Bennett Mafia Page 41

He held it up. “Brooke always liked this wine. I thought…”

I nodded. “Thank you. That’s perfect.”

“Perfect?” He raised an eyebrow, handing it over.

I grabbed the stem of the glass, avoiding his hand, and I knew he took note.

He stepped back. “Perfect is a big word, especially for someone who’s still here against her will.”

I paused in raising it to my mouth. “What?”

He motioned to the table.

There was a bowl, two plates, three glasses, and two sets of silverware for every seat. Every glass and plate had a gold rim at the edge. It was another reminder of this world I was visiting—a world where I used to live, or I should’ve.

Why was I thinking like this?

I loved being a Hider operative. And that wasn’t this world.

It never would be.

I sat and pulled my chair up to the table. “When are you going to let me go?”

There.

I had to leave, because staying here was messing with my mind. It was muddling everything.

“I thought you were going to bargain for your friend first.”

There was the Kai I knew. We were back on solid footing. I was the 411 Hider, and he was my kidnapper.

I looked up, feeling more settled inside. “And if I asked that? What then? Would you actually grant that?”

He took a sip from his glass before putting it on the table as he sat to my left at the head of the table.

“I have a proposition for you.” He motioned to the table and the room. “That’s the reason for all of this.”

“A proposition?”

“Yes.” He nodded, his mouth pressing tight before relaxing. He raised his chin. “I let your friend go home.”

“You did?”

Surprise spread through me. My hand tightened on my chair.
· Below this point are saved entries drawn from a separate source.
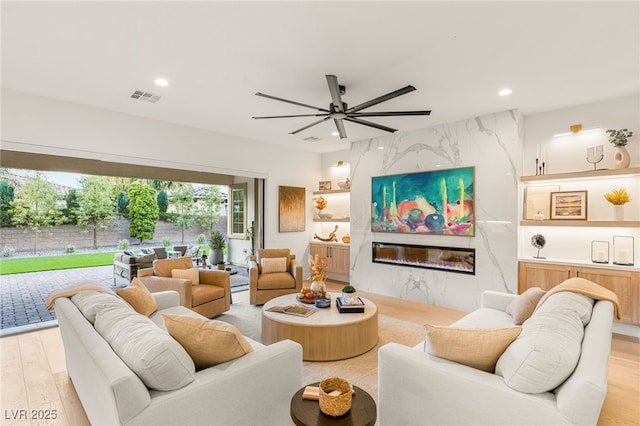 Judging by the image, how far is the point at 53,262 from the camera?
5617 mm

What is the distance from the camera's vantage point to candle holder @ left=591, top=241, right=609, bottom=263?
13.0 ft

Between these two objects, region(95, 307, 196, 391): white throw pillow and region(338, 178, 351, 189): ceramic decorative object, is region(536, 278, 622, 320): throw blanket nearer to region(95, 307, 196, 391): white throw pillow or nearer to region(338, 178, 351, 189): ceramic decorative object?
region(95, 307, 196, 391): white throw pillow

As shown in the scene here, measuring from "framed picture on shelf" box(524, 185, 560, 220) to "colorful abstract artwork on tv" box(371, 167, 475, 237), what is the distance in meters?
0.77

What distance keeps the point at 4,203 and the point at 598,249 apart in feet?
26.2

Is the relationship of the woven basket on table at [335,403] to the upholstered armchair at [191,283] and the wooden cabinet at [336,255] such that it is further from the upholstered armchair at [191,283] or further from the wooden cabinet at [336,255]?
the wooden cabinet at [336,255]

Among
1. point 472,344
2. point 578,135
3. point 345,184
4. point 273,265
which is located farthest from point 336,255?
point 472,344

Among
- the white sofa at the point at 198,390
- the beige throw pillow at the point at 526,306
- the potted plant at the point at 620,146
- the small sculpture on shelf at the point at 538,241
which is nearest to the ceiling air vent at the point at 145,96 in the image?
the white sofa at the point at 198,390

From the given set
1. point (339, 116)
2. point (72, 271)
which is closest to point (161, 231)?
point (72, 271)

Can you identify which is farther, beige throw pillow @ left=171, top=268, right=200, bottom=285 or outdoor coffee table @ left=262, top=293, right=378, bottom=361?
beige throw pillow @ left=171, top=268, right=200, bottom=285

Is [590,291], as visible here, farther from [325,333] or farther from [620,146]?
[620,146]

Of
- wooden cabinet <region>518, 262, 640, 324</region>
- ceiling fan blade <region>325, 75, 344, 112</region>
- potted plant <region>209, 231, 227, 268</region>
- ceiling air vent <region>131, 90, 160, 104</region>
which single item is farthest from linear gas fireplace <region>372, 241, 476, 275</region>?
ceiling air vent <region>131, 90, 160, 104</region>

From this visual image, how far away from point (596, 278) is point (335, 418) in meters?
4.07

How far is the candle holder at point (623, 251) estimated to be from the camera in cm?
382

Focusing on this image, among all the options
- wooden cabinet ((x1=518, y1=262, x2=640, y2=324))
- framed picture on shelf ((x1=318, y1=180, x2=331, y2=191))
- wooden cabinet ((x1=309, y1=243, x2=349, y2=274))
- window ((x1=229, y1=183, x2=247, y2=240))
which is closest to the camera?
wooden cabinet ((x1=518, y1=262, x2=640, y2=324)) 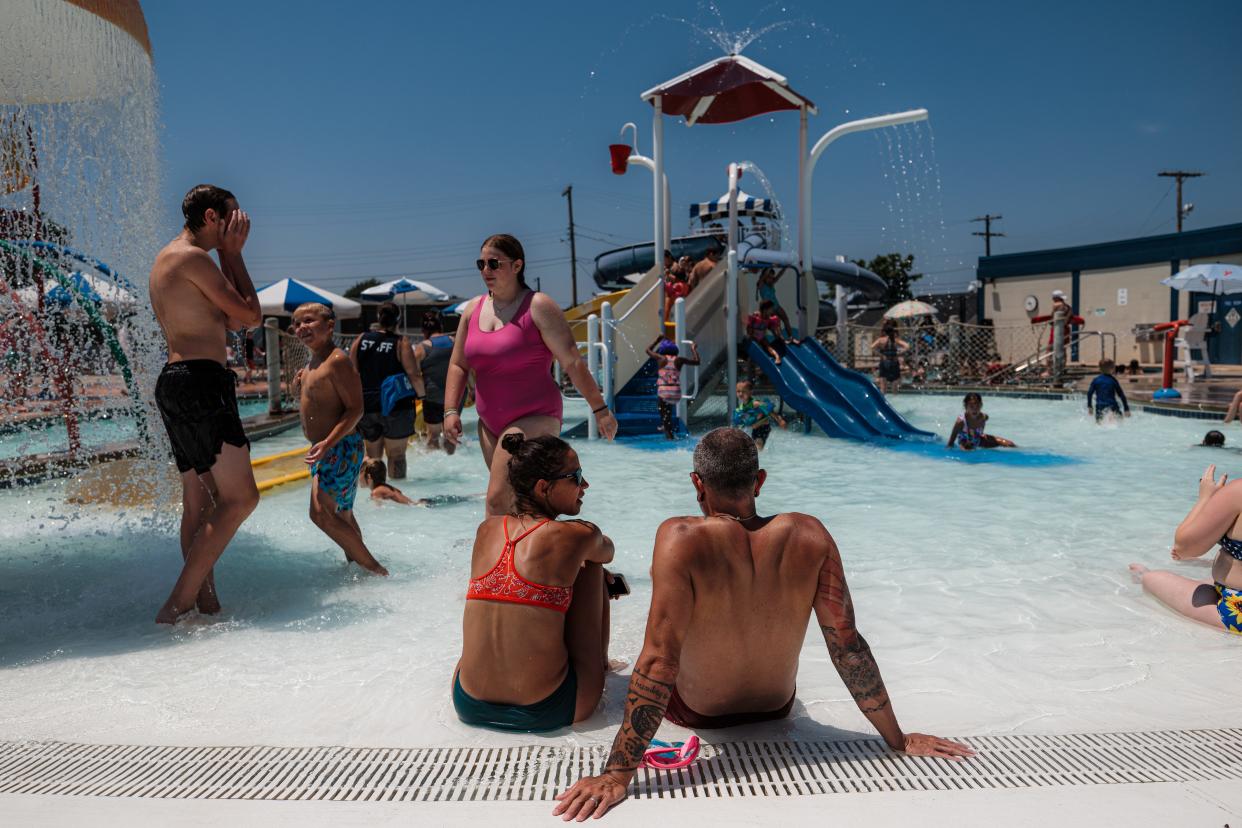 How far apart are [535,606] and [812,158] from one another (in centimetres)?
1163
“Your Network has been unable to find Brooke. Your friend has no idea where she is. He was bluffing to try to get you back. We followed up on his call, and the person we found had nothing to do with my sister. Now, I’m in a place where I’ve exhausted most of my options.” His eyes pierced mine. “I fully believe you know where my sister is, but the normal ways I would force you to tell me are…unavailable, so I have a different proposition for you.”

“You let Blade go?”

I was still stuck on that one.

“I let him go as a gesture of goodwill to you. He will not make claims of being kidnapped by my family—to the law or to your employers. As far as they’re concerned, he attempted to get you back by himself, and it went bad. He failed. He is back home, and I’ve been told he was put to work immediately.”

Oh God.

I heard what he was saying. “You have people in the Network. They’re giving you information.”

It made sense—that’s how he found me, how he knew Blade was acting on his own.

“Yes, I do.”

“That’s how you knew about me this whole time.”

“Yes.” He gentled his tone. “Brooke asked me to keep tabs on you. She worried about you.”

It didn’t help. I already knew this, and it so didn’t help. I felt a sting of betrayal. The Network was sacred. No one was supposed to be bought. We were all pure. That’s what I’d thought. That’s what I had believed this whole time.

We were good.

Looking at Kai now—he was bad. But since I’d been held by him, the lines had become more and more blurred. And now, hearing there was someone in the Network working for him, fury flared inside of me.

“I believe you know where my sister is,” Kai continued. “I will not be convinced otherwise, but you won’t tell me. I’m loath to force the issue. I’ve tried, and I’m not willing to resort to the lengths that are my last options. So…” He reached for his glass and took a healthy sip from it, gritting his teeth before putting it back on the table. “…here’s another play.”

He paused. His eyes were steady on mine.

“I’ll tell you the truth. All of it.”

CHAPTER TWENTY-THREE


My answer was swift. “Okay.” I raised my head, rolled my shoulders back, and waited.

I didn’t have to wait long.

Kai leaned back in his seat, picking up his glass. “Brooke ran, but she wasn’t alone. She ran away with her boyfriend, a member of a Milwaukee-based mafia family, Levi Barnes. He’s not in line to take over the family business, but he’s connected to them. His father is the youngest of Mildreth Barnes’ sons. Brooke ran with him because she overheard a meeting where I was told Levi was informing on his family to the FBI.”

Ice ran down my spine.

She wasn’t afraid for her life. She was scared for her boyfriend’s. It all made sense now.

“Brooke knows I’ve recently been more ambitious in reaching out to the Midwestern part of the States, to the families who run those territories. She assumed I would either kill Levi as a gift to his family or I would turn him over to them.”

Rats got killed. That’s just what happened.

I nodded, swallowing faintly. “I see.”

“You don’t.” He leaned forward, moving without making a sound. The chair didn’t squeak. There was no shift in the floorboards. If I hadn’t seen it, I would never have heard him. There was an almost ghostly quality to the way he moved sometimes. Silent. Stalking. Hunting.